===== Given material
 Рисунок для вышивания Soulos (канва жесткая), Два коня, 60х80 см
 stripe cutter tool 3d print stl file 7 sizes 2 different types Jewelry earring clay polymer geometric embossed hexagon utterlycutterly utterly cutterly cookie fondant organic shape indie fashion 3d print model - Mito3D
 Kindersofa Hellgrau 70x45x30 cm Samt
==========
Exercise brief: Repeat the data. Leave nothing out and change nothing.

Answer below:
 Рисунок для вышивания Soulos (канва жесткая), Два коня, 60х80 см
 stripe cutter tool 3d print stl file 7 sizes 2 different types Jewelry earring clay polymer geometric embossed hexagon utterlycutterly utterly cutterly cookie fondant organic shape indie fashion 3d print model - Mito3D
 Kindersofa Hellgrau 70x45x30 cm Samt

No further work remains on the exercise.